Labour Market Participation and Fertility in Seven European Countries: A Comparative Perspective
Keywords:Fertility, Employment, Europe, Hazard Models, Birth Order, Multi-process Model
Although evidence suggests a correlation between fertility and employment, comparative studies on this topic are relatively scarce, particularly when considering the diverse ways in which the two variables interact in different countries. The aim of this article is to analyse the relationship between the employment and reproductive behaviours of women born between 1940 and 1979 in seven European countries (Bulgaria, Czech Republic, France, Germany, Georgia, Italy, and Lithuania). Using data from the second wave of Generation and Gender Surveys (GGS) and the Istat survey Famiglia e Soggetti Sociali (FSS) in Italy, we estimated the propensity of first and second childbirth through multi-process modelling. The article’s contribution is both theoretical and methodological. First, this research aims to investigate the correlation between employment and the timing of first and second births in a comparative perspective challenging the traditional East-West divide in Europe and the potential convergence in the impact of employment on fertility behaviours across European countries. Furthermore, the study asks whether the relationship between employment and fertility is changing similarly across European countries or whether differences tend to persist over time.
The results are discussed considering women’s emancipation in different institutional settings, highlighting how women’s participation in labour markets affects reproductive behaviour. In particular, the relationship between employment and fertility behaviour is examined in relation to the opposing macro-level thesis, which suggests that the association between employment and fertility changed from negative to positive after the mid-80s.
The second contribution of the article is a methodological one. It involves using simultaneous models with three equations to account for potential unobserved factors that influence the timing of the first and second childbirth and the potential endogeneity of employment status on fertility behaviour. The three equations include two log-Hazard equations for the transitions to the first and second birth order and an additional probit model to estimate the probability of being currently employed over the life course. By using this approach, we aim to provide a more comprehensive understanding of the relationship between employment and fertility, while controlling for potential confounding factors.

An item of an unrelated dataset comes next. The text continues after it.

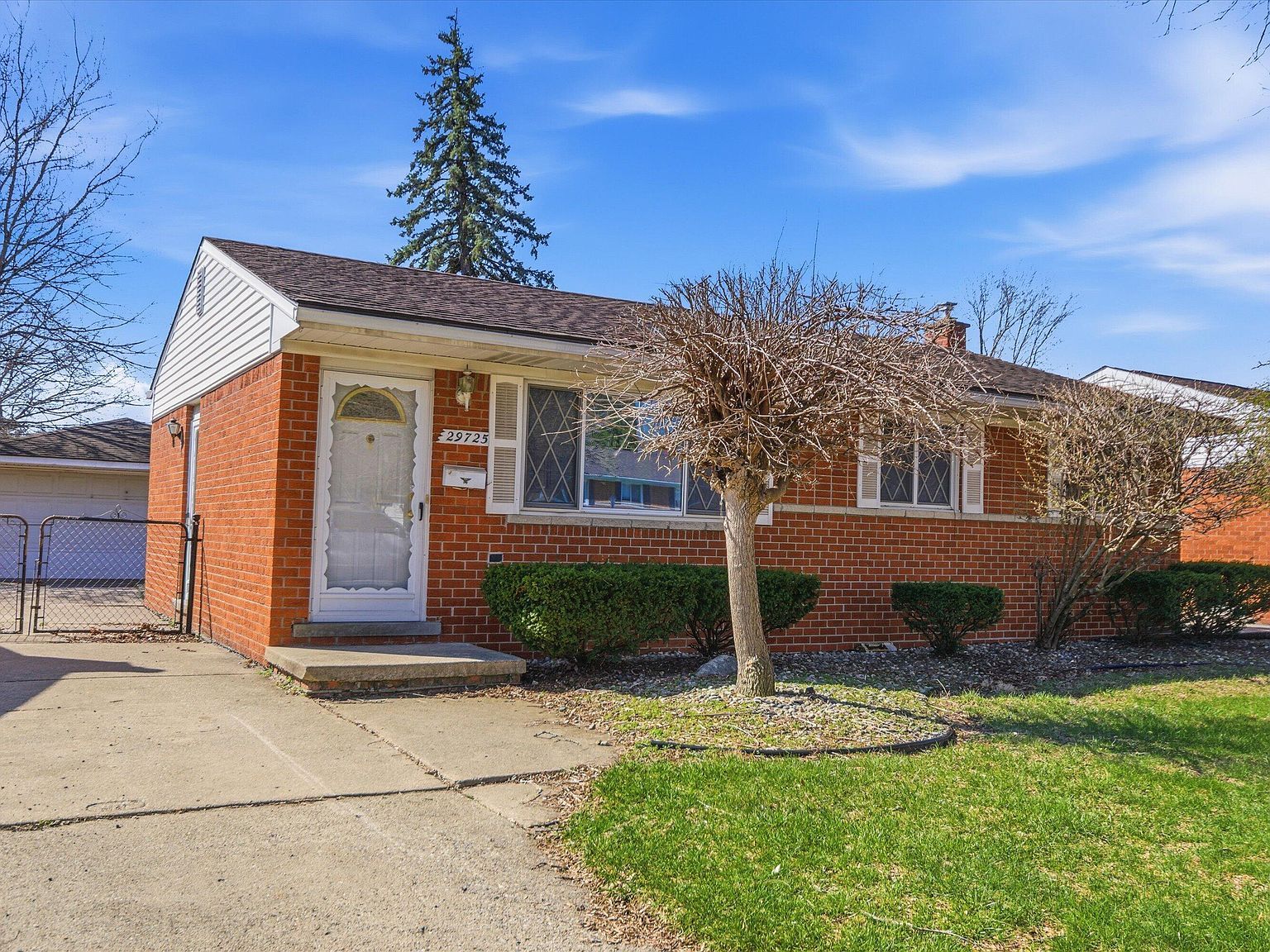 29725 Brown Ct Garden City, MI 48135  | Single Family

Results suggest relevant national differences. On the one hand, the three Western countries considered in the analysis, France, Germany, and Italy, show a clear incompatibility of work and childbearing. However, in the first two, younger cohorts seem to be less affected by employment, likely because they benefitted from family policies introduced after the mid-1980s. On the other hand, the post-socialist countries are highly heterogeneous. In this area, we can find three different models. First, in Bulgaria and the Czech Republic employment is largely compatible with fertility choices resulting in a higher propensity of having the first and the second childbirth among working women. Second, in Lithuania the positive impact of employment for the first childbirth turns negative for the second one. Third, in Georgia we found a clear postponement of childbirth among working women for both birth orders. Overall, our results show deep differences across countries, suggesting that some European countries are far from demonstrating convergence in the relationship between employment and fertility.